Strains of laboratory mice vary markedly in their susceptibility to two-stage skin carcinogenesis using 7,12-dimethylbenz[a]anthracene (DMBA) as the initiating carcinogen and croton oil as promoter. This study has been undertaken in order to clarify the basis of the strain differences. LACA mice were used as the susceptible strain and BALB/c mice as the resistant strain. DMBA was a more effective complete carcinogen in LACA mice than in BALB/c mice. However, dose-response studies with respect to DMBA in the two strains in two-stage carcinogenesis suggested that metabolic activation of DMBA to the active carcinogen was not limiting in the resistant strain. The observed strain differences in response to DMBA in one and two stage carcinogenesis may reflect the ability of DMBA to also act as a promoter in the two strains. The possibility that the strains vary in their ability to repair damaged DNA has, however, not been eliminated. Unlike polycyclic aromatic hydrocarbon carcinogens such as DMBA, phorbol ester promoters (the active components in croton oil) do not appear to require metabolic activation. However, they are degraded and inactivated by epidermal and other cells. Experiments in which the dose and frequency of application of croton oil were increased, and the unrelated promoter anthralin was substituted for croton oil, failed to produce any evidence that differences in promoter degradation contributed to the differences in susceptibility between strains.
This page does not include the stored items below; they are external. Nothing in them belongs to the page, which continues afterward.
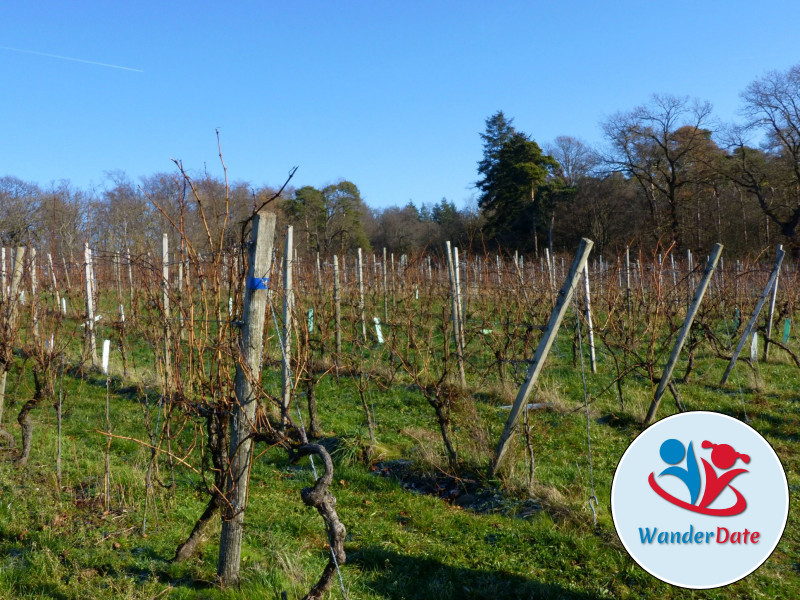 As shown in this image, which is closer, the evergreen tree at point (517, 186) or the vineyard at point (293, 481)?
the vineyard at point (293, 481)

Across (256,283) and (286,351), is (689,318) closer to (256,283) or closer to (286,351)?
(286,351)

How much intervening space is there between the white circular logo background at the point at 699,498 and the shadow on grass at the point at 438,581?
0.89 m

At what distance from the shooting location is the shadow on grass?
3.03 m

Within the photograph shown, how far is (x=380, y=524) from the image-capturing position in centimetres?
401

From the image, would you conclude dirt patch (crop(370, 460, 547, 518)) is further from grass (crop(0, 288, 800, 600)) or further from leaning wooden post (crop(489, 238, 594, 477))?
leaning wooden post (crop(489, 238, 594, 477))

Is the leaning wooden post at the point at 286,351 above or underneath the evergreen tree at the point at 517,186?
underneath

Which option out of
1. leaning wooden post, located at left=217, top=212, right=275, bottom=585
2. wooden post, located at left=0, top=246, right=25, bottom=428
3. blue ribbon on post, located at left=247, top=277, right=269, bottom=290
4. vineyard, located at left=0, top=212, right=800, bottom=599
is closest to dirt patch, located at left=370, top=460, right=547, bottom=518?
vineyard, located at left=0, top=212, right=800, bottom=599

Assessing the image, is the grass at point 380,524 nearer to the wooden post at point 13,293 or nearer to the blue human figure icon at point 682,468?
the blue human figure icon at point 682,468

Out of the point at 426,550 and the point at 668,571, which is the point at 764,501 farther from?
the point at 426,550

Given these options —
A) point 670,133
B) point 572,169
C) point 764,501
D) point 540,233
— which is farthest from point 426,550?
point 572,169

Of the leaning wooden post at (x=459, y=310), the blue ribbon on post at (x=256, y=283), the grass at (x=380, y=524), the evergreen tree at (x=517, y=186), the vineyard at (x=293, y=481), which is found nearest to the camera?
the blue ribbon on post at (x=256, y=283)

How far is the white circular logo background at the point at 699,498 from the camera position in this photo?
7.25ft

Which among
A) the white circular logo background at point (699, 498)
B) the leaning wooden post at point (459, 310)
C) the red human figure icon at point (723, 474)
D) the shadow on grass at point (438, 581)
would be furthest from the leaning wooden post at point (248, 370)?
the leaning wooden post at point (459, 310)

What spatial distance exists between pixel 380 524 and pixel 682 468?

实验室小鼠品系对以7,12-二甲基苯并[a]蒽(DMBA)为引发致癌物、巴豆油为促癌剂的两阶段皮肤致癌作用的易感性差异显著。进行本研究是为了阐明品系差异的基础。选用LACA小鼠作为易感品系,BALB/c小鼠作为抗性品系。在LACA小鼠中,DMBA作为完全致癌物比在BALB/c小鼠中更有效。然而,在两阶段致癌过程中对这两个品系进行的DMBA剂量反应研究表明,DMBA代谢活化成活性致癌物在抗性品系中并非限制因素。在一阶段和两阶段致癌过程中观察到的对DMBA反应的品系差异可能反映了DMBA在这两个品系中也作为促癌剂的能力。然而,品系在修复受损DNA能力上存在差异的可能性并未被排除。与DMBA等多环芳烃致癌物不同,佛波酯促癌剂(巴豆油中的活性成分)似乎不需要代谢活化。然而,它们会被表皮细胞和其他细胞降解并失活。增加巴豆油的应用剂量和频率以及用无关促癌剂蒽林替代巴豆油的实验,均未提供任何证据表明促癌剂降解差异导致了品系间易感性差异。